The platform gave the operations team the visibility they had been missing. They could see which units were healthy, which needed attention, and which were trending toward trouble before anything actually broke. Alarms replaced guesswork. The technicians who used to drive out on speculation now drove out with a specific fault code and a plan.

The edge resilience design proved its worth in the field. Units deployed to sites with unreliable connectivity continued operating and caught up their telemetry when they reconnected. No data was lost, no alarms were missed, just delayed until the link came back. For a fleet spread across a wide geography, that reliability was the difference between a manageable operation and a constant firefight.

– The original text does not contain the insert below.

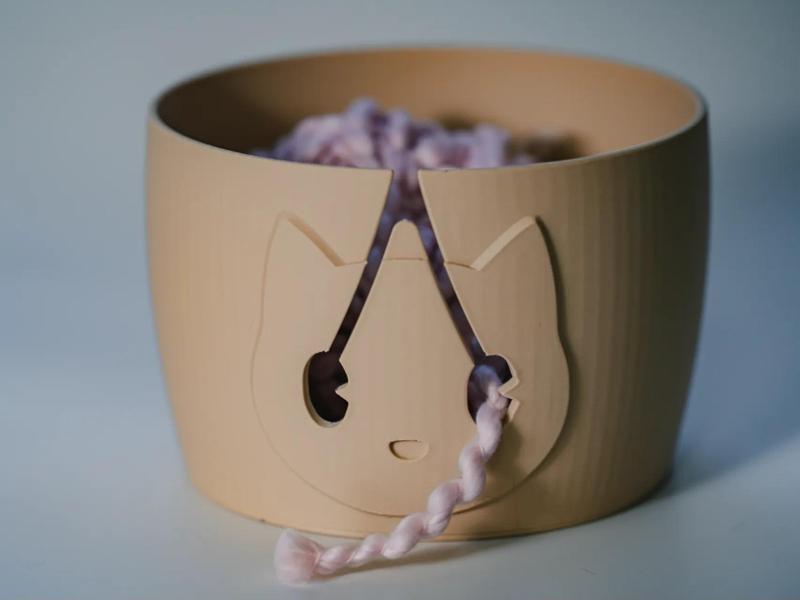 Yarn Bowl for Cats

Common Questions About Supervisory Control for Industrial IoT

What is a supervisory control system for industrial IoT?

A supervisory control system sits above individual devices and makes decisions based on their combined state. It collects telemetry from sensors and equipment, evaluates that data against configured rules, and triggers actions or alerts when conditions are met. In an industrial IoT context, the system might monitor dozens or hundreds of distributed assets, each reporting temperature, power draw, connectivity status, and operational metrics. The supervisory layer turns that flood of data into actionable signals for operators.

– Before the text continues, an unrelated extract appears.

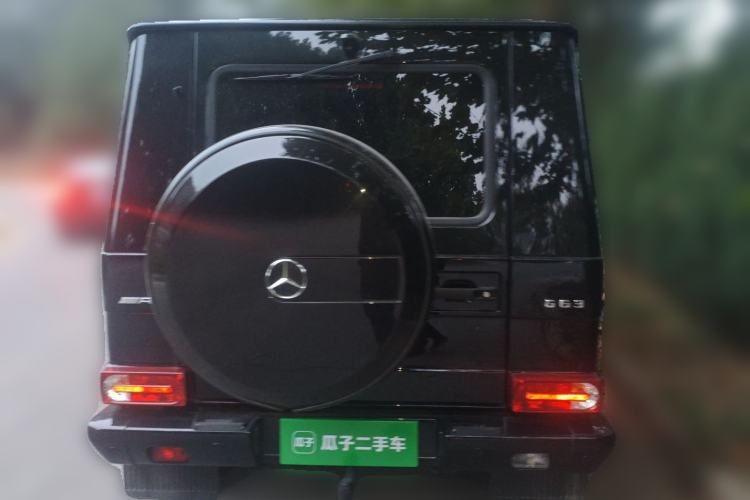 Used Mercedes-Benz G-Class AMG 2018 AMG G 63 Collector's Edition Rear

Why does mobile EV charging equipment need remote monitoring?

Mobile charging units are deployed to temporary sites, fleet depots, event venues, and locations without permanent grid infrastructure. They may run unattended for days or weeks. Without remote visibility, operators have no way to know if a unit has faulted, if fuel or battery reserves are low, or if utilization patterns have shifted. Remote monitoring prevents stranded assets and lets a small operations team manage equipment spread across a wide geography.

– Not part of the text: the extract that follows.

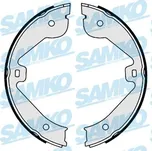 Sada brzdových čelistí, parkovací brzda SAMKO 89150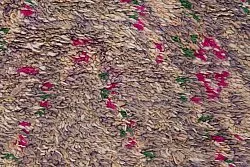 Tapis Kilim marocain Azilal Édition spéciale 410 x 210 cm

What does edge automation mean in this context?

Edge automation means the control logic runs on hardware at the equipment site rather than relying entirely on a cloud connection. If the network link drops, the edge device can continue operating, logging data locally, and executing safety rules without waiting for instructions from a remote server. When connectivity returns, the edge device syncs its stored telemetry upstream. This resilience matters for equipment deployed in areas with spotty cellular coverage.

How does the alerting system work?

The supervisory engine evaluates incoming telemetry against a rule set that defines normal operating ranges and fault conditions. When a reading crosses a threshold or a combination of states indicates a problem, the system generates an alarm with a severity level. High severity alarms notify operators immediately through the dashboard, email, or SMS. Lower severity alarms are logged for review. Operators can acknowledge alarms, mark them resolved, or escalate them depending on the situation.

What data does the system capture for compliance and diagnostics?

Every state change, control action, and sensor reading is written to time series storage with a timestamp. This creates a complete audit trail that supports both diagnostics and compliance reporting. If a charging session fails or equipment behaves unexpectedly, engineers can replay the telemetry to see exactly what happened. For regulatory or contractual reporting, the stored data can be aggregated into utilization summaries, uptime metrics, and energy delivery totals.

What did Sequoia build for this engagement?

Sequoia Applied Technologies built a modular supervisory control platform covering the edge compute layer, messaging framework, decision engine, alarm management, and operator dashboard. The architecture was designed to accommodate additional equipment types and rule sets without reworking the core system. The platform integrates with the client's existing fleet of mobile charging units and provides the visibility and control they needed to scale operations.